What the exercise asks:
Excluding pictures, give the entries again exactly as they appear.

■ ■ ■

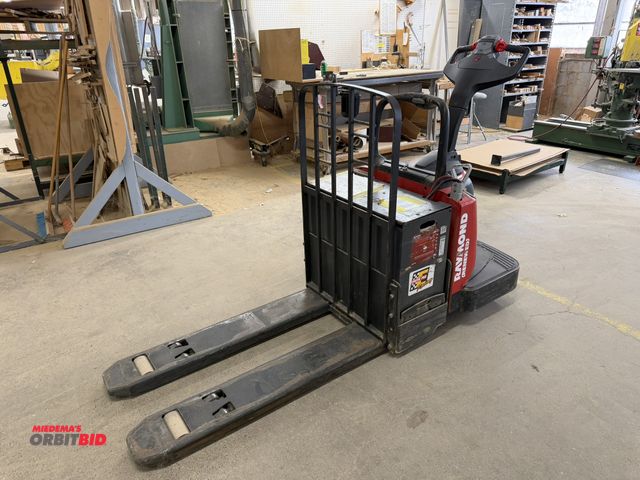 Lot 1-17024 - (1) Raymond, model 8410, 24V, walk-behind pallet jack, 600 lb. max. capacity, 10" max. lift height, ...
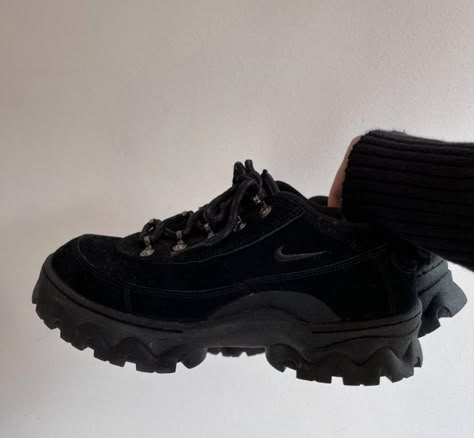 Underated Shoes, Black Comfy Shoes, Alt Shoes Sneakers, Goth Tennis Shoes, Black Running Shoes Aesthetic, Black Bulky Shoes, Aesthetic Black Sneakers, Chunky Black Shoes Aesthetic, Alt Sneakers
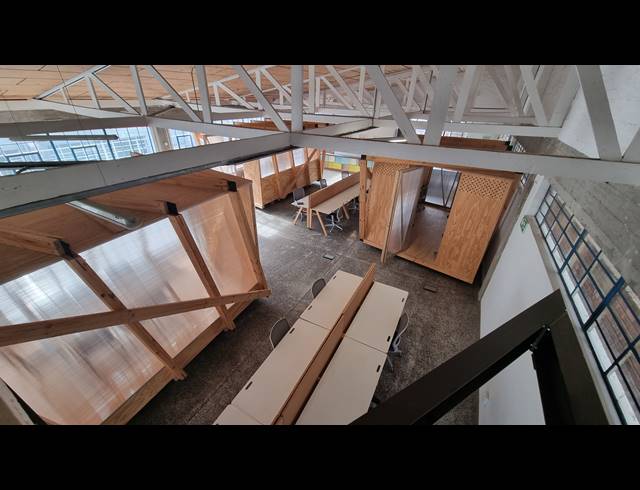 285M² BUSINESS TO LET IN WOODSTOCK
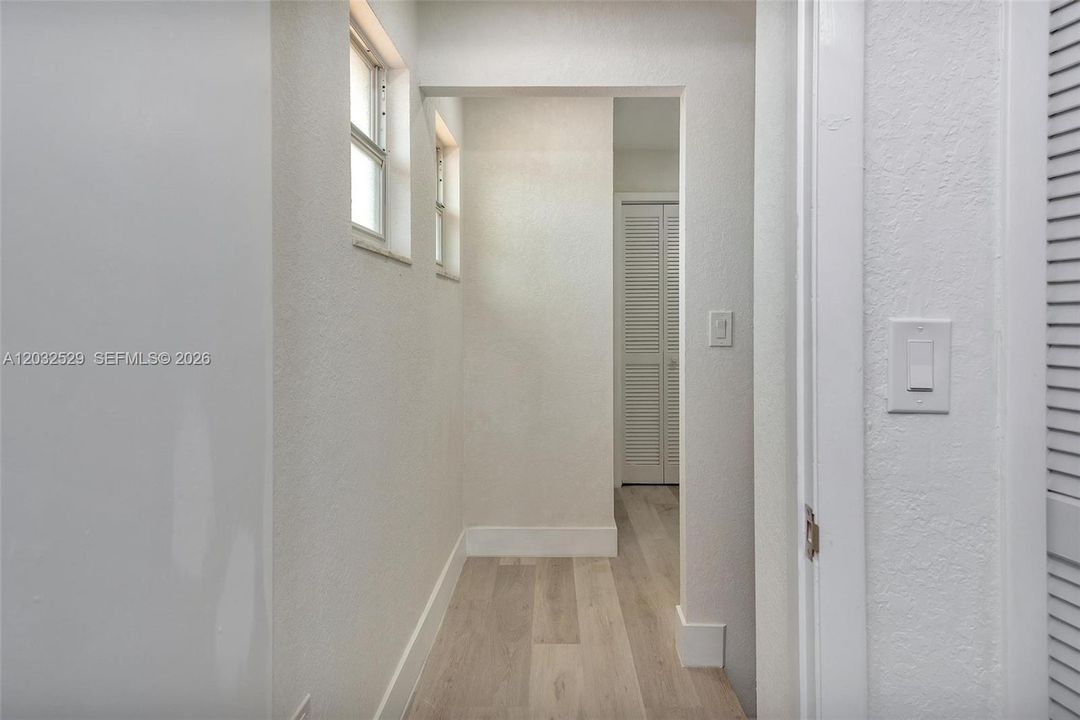 For Rent: $2,950 (2 beds, 2 baths, 1100 Square Feet)
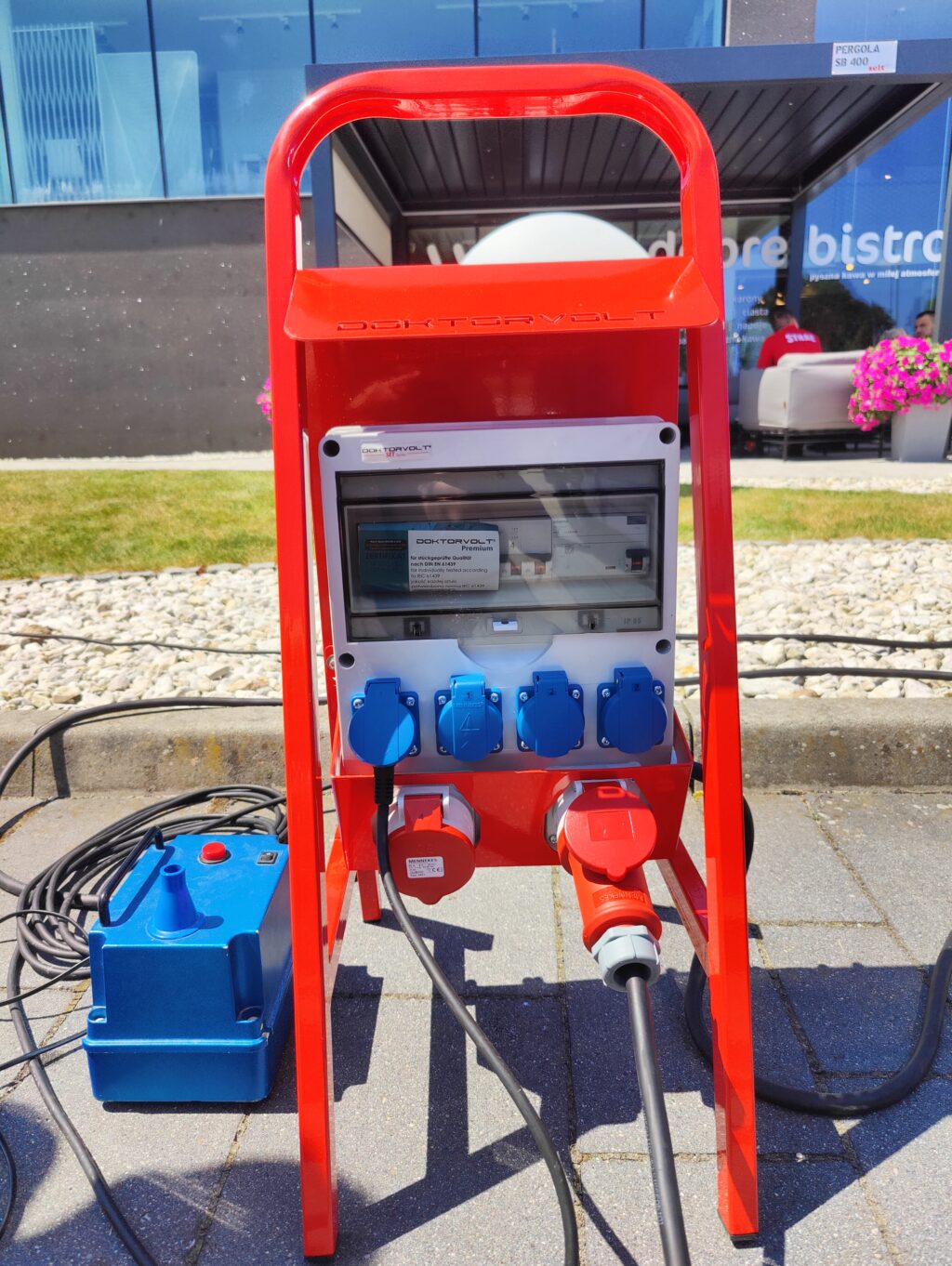Rozdzielnica na stojaku z gniazdami CEE i 230 V na ekspozycji Electro Moto Show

■ ■ ■

Task output:
 Lot 1-17024 - (1) Raymond, model 8410, 24V, walk-behind pallet jack, 600 lb. max. capacity, 10" max. lift height, ...
 Underated Shoes, Black Comfy Shoes, Alt Shoes Sneakers, Goth Tennis Shoes, Black Running Shoes Aesthetic, Black Bulky Shoes, Aesthetic Black Sneakers, Chunky Black Shoes Aesthetic, Alt Sneakers
 285M² BUSINESS TO LET IN WOODSTOCK
 For Rent: $2,950 (2 beds, 2 baths, 1100 Square Feet)
Rozdzielnica na stojaku z gniazdami CEE i 230 V na ekspozycji Electro Moto Show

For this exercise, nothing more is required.